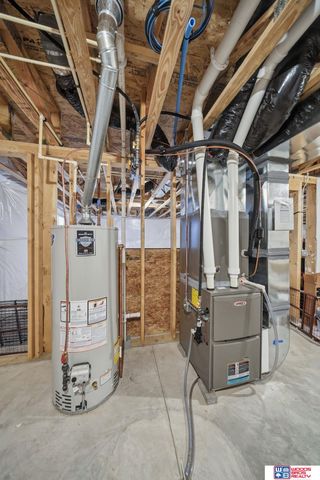 20608 Camelback Avenue, Gretna, NE 68028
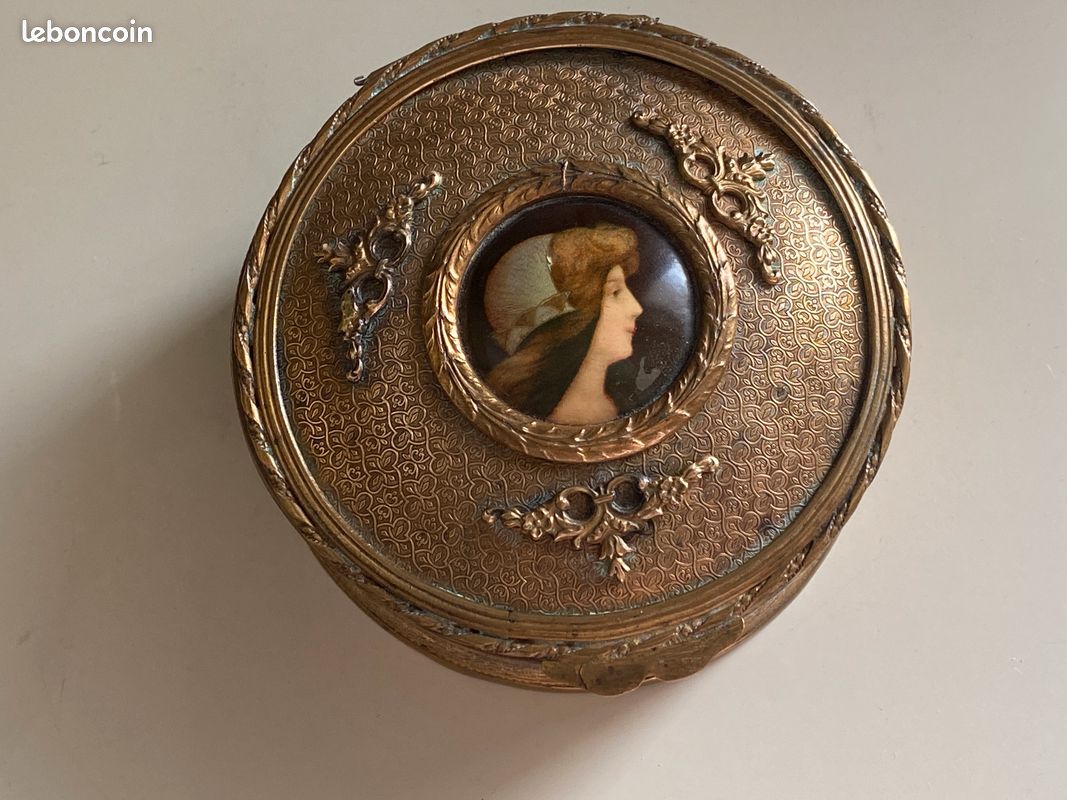 Boîte Ancienne En Bronze Avec Bijou Fantaisie - Occasion - Décoration Vintage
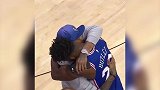 篮球-18年-英雄相惜！艾弗森现身76人主场 赛后与巴特勒热情拥抱-专题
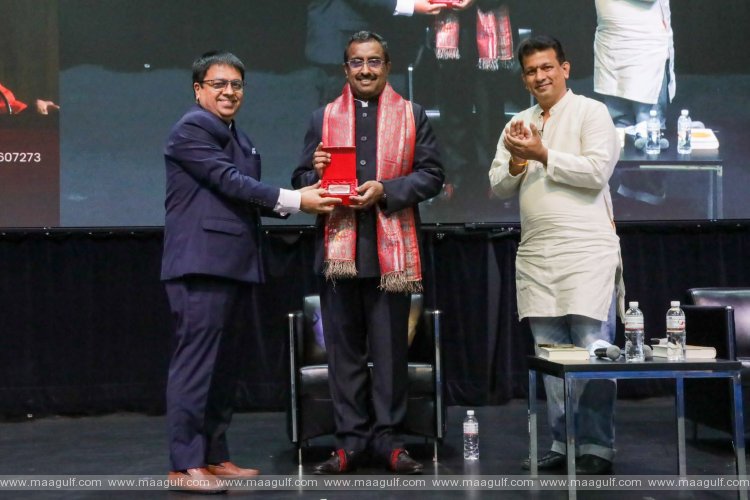 సింగపూర్ లో డా.రామ్ మాధవ్ పుస్తక పరిచయం & విశ్లేషణ సభ విజయవంతం..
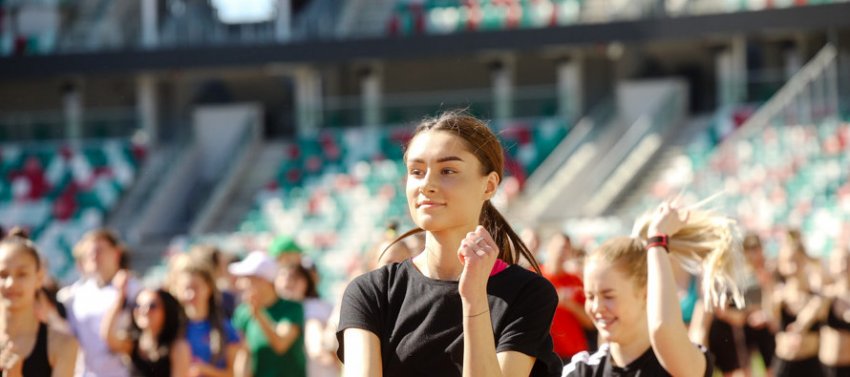 Фотофакт. На «Народную зарядку» в Минске вышло около 400 человек - «Свежие новости строительства»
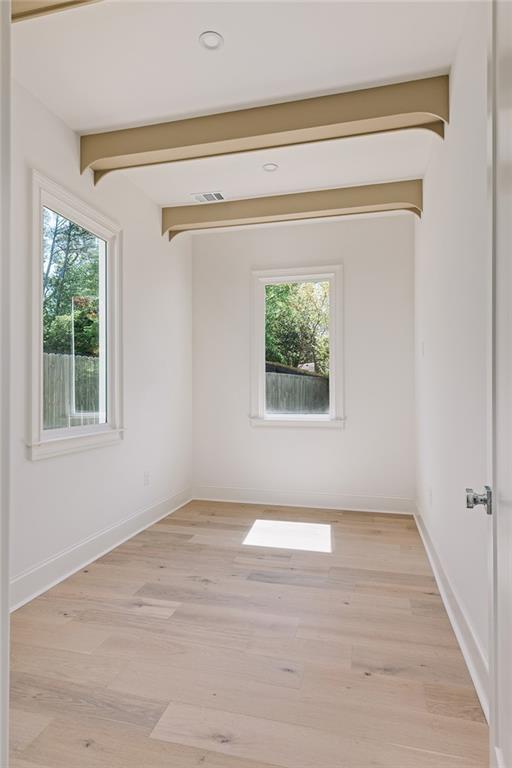 1485 Runnymeade Road NE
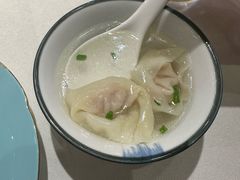 -梅龙镇酒家(南京西路总店)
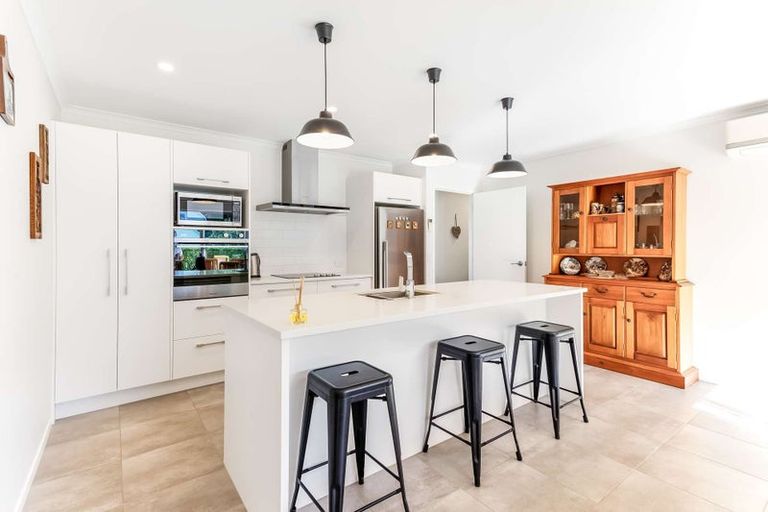 Photo of property in 17 Alf Simpson Drive, Whitianga, 3510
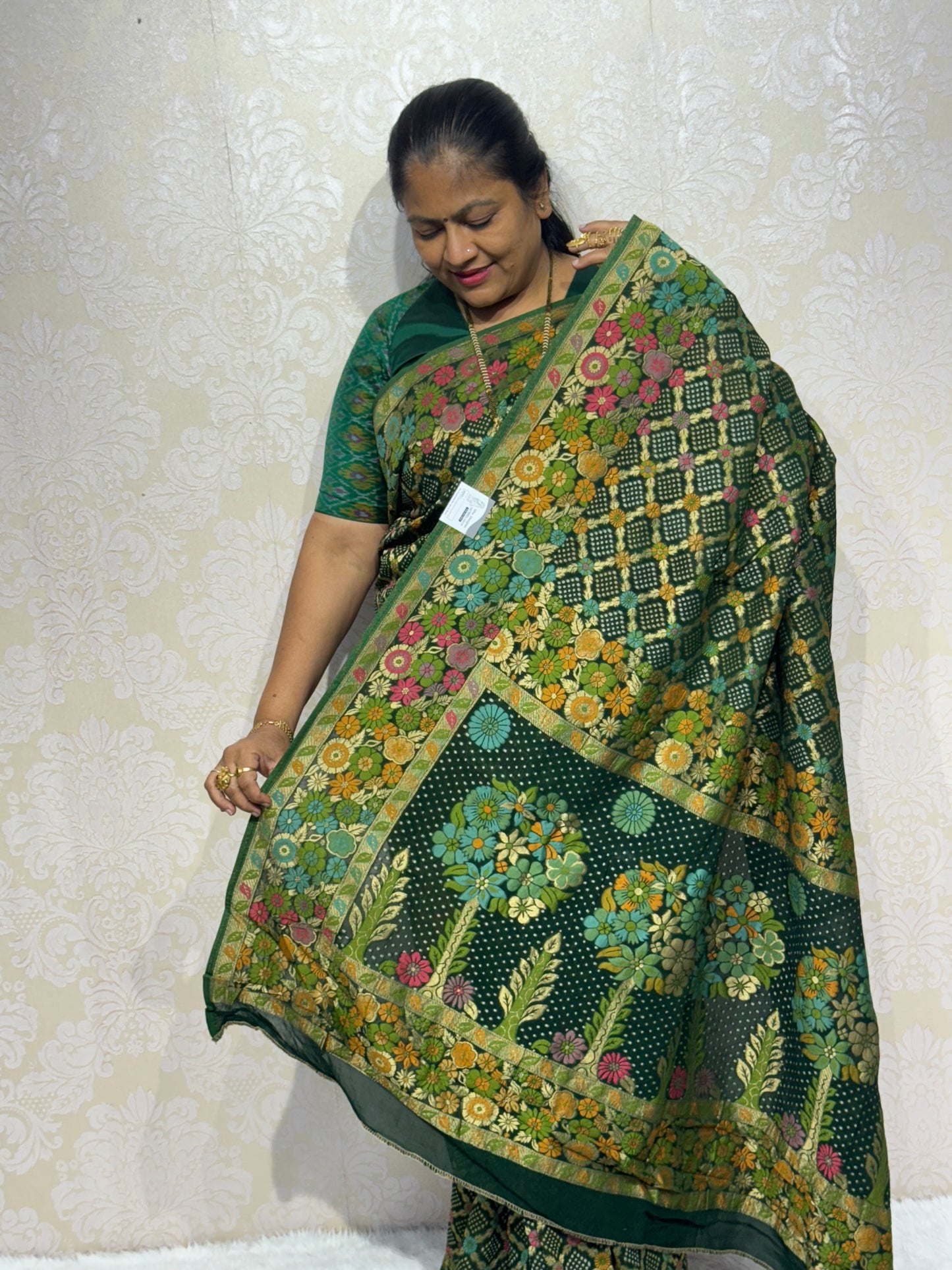 PURE JORJET GREEN BANDHANI
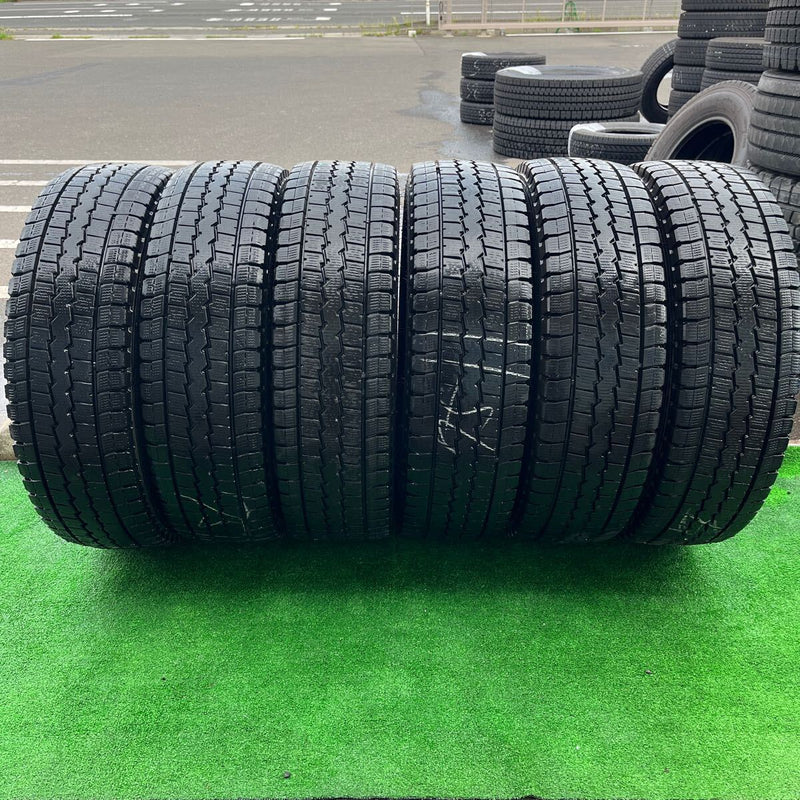 205/75R16 DUNLOP, LT03 中古スタッドレス　激安美品　　6本セット：24500円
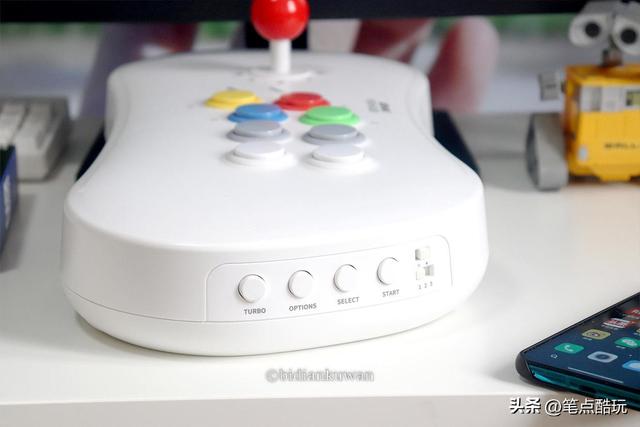 春节把街机搬回家了，单人打拳皇挺爽的，双人ASP更开心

----

_WORK TO COMPLETE_. With pictures left out, repeat exactly the lines from the one containing "PURE JORJET GREEN BANDHANI" through the last line of the data above, inclusive, and nothing else.

_COMPLETED EXERCISE_.
 PURE JORJET GREEN BANDHANI
 205/75R16 DUNLOP, LT03 中古スタッドレス　激安美品　　6本セット：24500円
 春节把街机搬回家了，单人打拳皇挺爽的，双人ASP更开心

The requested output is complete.